University of Florida psychologist Erin Westgate, who researches boredom, says that it’s not surprising that people were looking for tasks to fill their time while staying at home. She says, “I think what happens is you have all this time to fill, and you’ve lost your routines and goals and things that give you purpose each day.”

With such time on their hands many men turned to the uncompleted items on their honey-do lists. Formally, a honey-do list is “a collection of requests, usually by a spouse for a partner to perform a series of tasks, assignments, or jobs dealing with the maintenance of a household.” Derived from the phrase “Honey, could you do ...” it’s a pun on the word “honeydew.” Most honey-do lists consist of special tasks or repairs rather than everyday chores. The division of labor for household tasks is often established early in relationships and is typically heavily influenced by family history and traditional gender roles.

Blogger Pam Sherman says, “…the ‘honey do’ list is actually why we all get married — so we have that other person to do our to-do list.” When it turned out that her husband wasn’t very motivated to make home repairs she agreed to outsource this work and renamed her list the “honey hire” list.

Most people find that making lists provides a sense of security and control. By writing something down you have captured the issue on paper, so you don’t have to carry it around anymore. Things put on lists are now somehow “official” and hence more likely to get accomplished. I knew a guy in graduate school named Jack. He was always making “to-do” lists, but he cheated and wrote things that he had already done. That way he could cross out items and feel like he had accomplished a lot. He would also include things he really liked to do, like fishing and drinking beer. As you may surmise, Jack wasn’t married.

Lists have their downside. I find that they can hang over you like the Sword of Damocles, creating constant tension. They prevent me from having a sense of closure and they seem like they are never-ending. I have to admit that sometimes I react negatively to honey-do lists, since they suggest a superior/subordinate relationship, which stirs up issues of power and control. Having a list of things you have avoided doing can also elicit feelings of anxiety and guilt, and my wife Diane can point to it.

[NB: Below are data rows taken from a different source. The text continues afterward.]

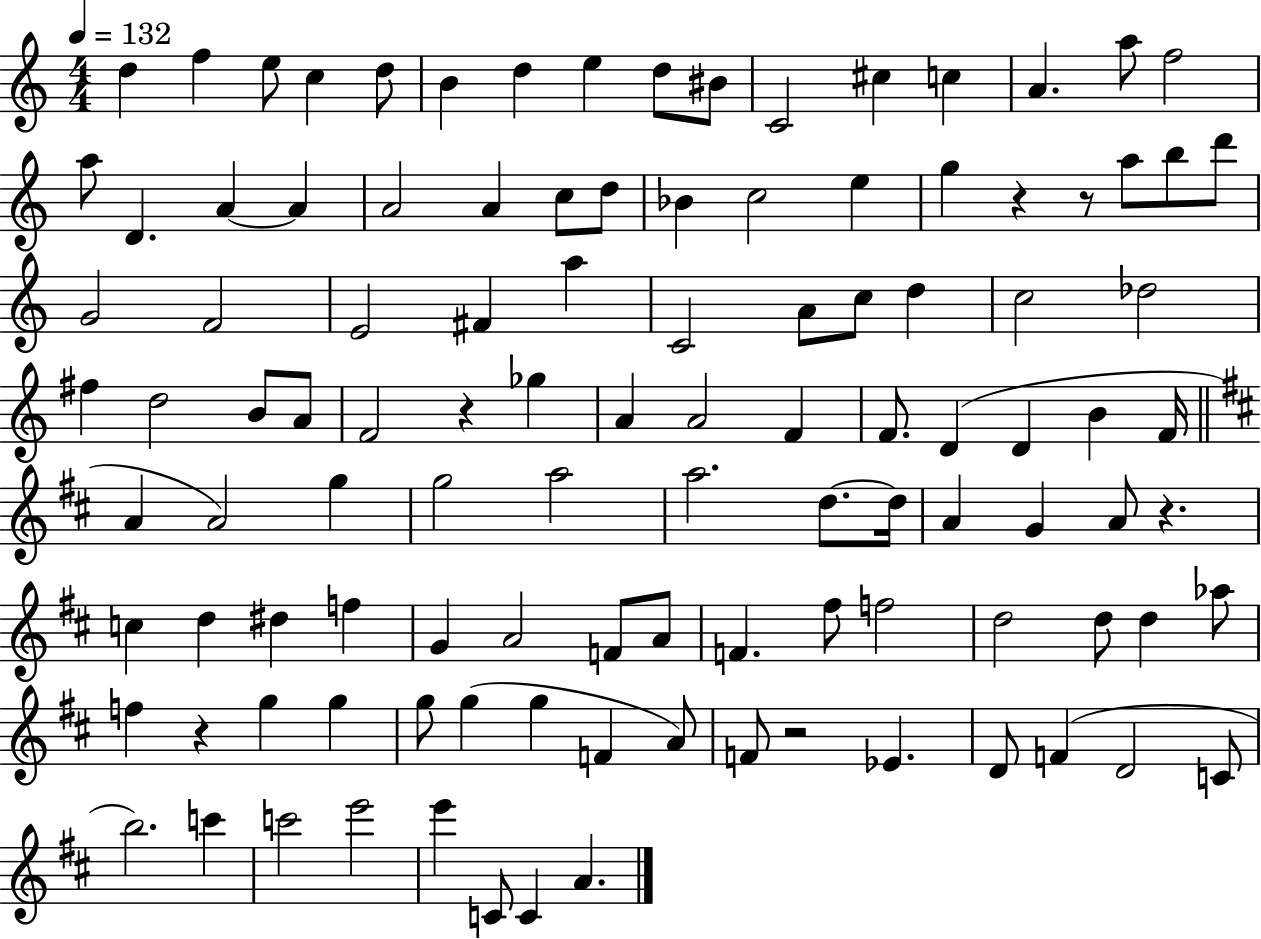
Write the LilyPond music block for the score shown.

{
  \clef treble
  \numericTimeSignature
  \time 4/4
  \key c \major
  \tempo 4 = 132
  \repeat volta 2 { d''4 f''4 e''8 c''4 d''8 | b'4 d''4 e''4 d''8 bis'8 | c'2 cis''4 c''4 | a'4. a''8 f''2 | \break a''8 d'4. a'4~~ a'4 | a'2 a'4 c''8 d''8 | bes'4 c''2 e''4 | g''4 r4 r8 a''8 b''8 d'''8 | \break g'2 f'2 | e'2 fis'4 a''4 | c'2 a'8 c''8 d''4 | c''2 des''2 | \break fis''4 d''2 b'8 a'8 | f'2 r4 ges''4 | a'4 a'2 f'4 | f'8. d'4( d'4 b'4 f'16 | \break \bar "||" \break \key d \major a'4 a'2) g''4 | g''2 a''2 | a''2. d''8.~~ d''16 | a'4 g'4 a'8 r4. | \break c''4 d''4 dis''4 f''4 | g'4 a'2 f'8 a'8 | f'4. fis''8 f''2 | d''2 d''8 d''4 aes''8 | \break f''4 r4 g''4 g''4 | g''8 g''4( g''4 f'4 a'8) | f'8 r2 ees'4. | d'8 f'4( d'2 c'8 | \break b''2.) c'''4 | c'''2 e'''2 | e'''4 c'8 c'4 a'4. | } \bar "|."
}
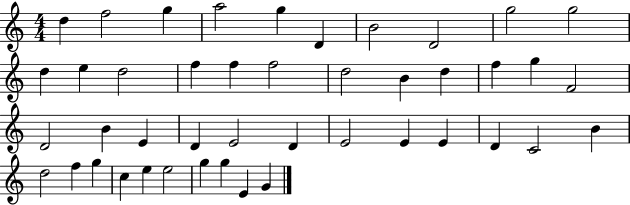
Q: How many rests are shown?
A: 0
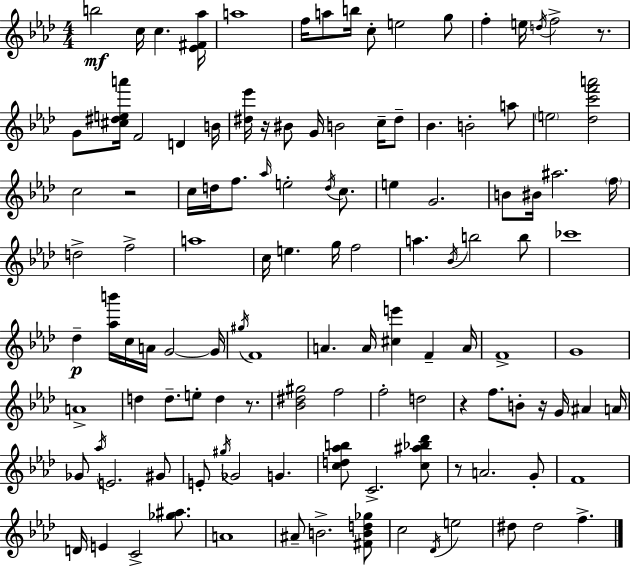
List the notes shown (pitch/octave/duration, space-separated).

B5/h C5/s C5/q. [Eb4,F#4,Ab5]/s A5/w F5/s A5/e B5/s C5/e E5/h G5/e F5/q E5/s D5/s F5/h R/e. G4/e [C#5,D#5,E5,A6]/s F4/h D4/q B4/s [D#5,Eb6]/s R/s BIS4/e G4/s B4/h C5/s D#5/e Bb4/q. B4/h A5/e E5/h [Db5,C6,F6,A6]/h C5/h R/h C5/s D5/s F5/e. Ab5/s E5/h D5/s C5/e. E5/q G4/h. B4/e BIS4/s A#5/h. F5/s D5/h F5/h A5/w C5/s E5/q. G5/s F5/h A5/q. Bb4/s B5/h B5/e CES6/w Db5/q [Ab5,B6]/s C5/s A4/s G4/h G4/s G#5/s F4/w A4/q. A4/s [C#5,E6]/q F4/q A4/s F4/w G4/w A4/w D5/q D5/e. E5/e D5/q R/e. [Bb4,D#5,G#5]/h F5/h F5/h D5/h R/q F5/e. B4/e R/s G4/s A#4/q A4/s Gb4/e Ab5/s E4/h. G#4/e E4/e G#5/s Gb4/h G4/q. [C5,D5,Ab5,B5]/e C4/h. [C5,A#5,Bb5,Db6]/e R/e A4/h. G4/e F4/w D4/s E4/q C4/h [Gb5,A#5]/e. A4/w A#4/e B4/h. [F#4,B4,D5,Gb5]/e C5/h Db4/s E5/h D#5/e D#5/h F5/q.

DePaul University psychologist Joseph Ferrari says that about 20% of people are chronic procrastinators. For them, procrastination influences all aspects of their lives and negatively affects their health and relationships. Occasional task-delayers are much more common. Some researchers believe that common task-delayers may suffer from decision fatigue. They feel so overwhelmed by all the decisions they must make that deciding to start a new task is simply too difficult. They have an extremely hard time “breaking the ice,” as Diane likes to say. She believes that making even one small gesture toward completing a task is important in getting it done.

When Diane tells me that something needs to be repaired, my first impulse is to wait a while and hope that the issue will magically resolve itself. Occasionally things, like leaky faucets, can spontaneously fix themselves when the weather gets warmer and the rubber washer expands, but you can’t count on things like this to happen very often.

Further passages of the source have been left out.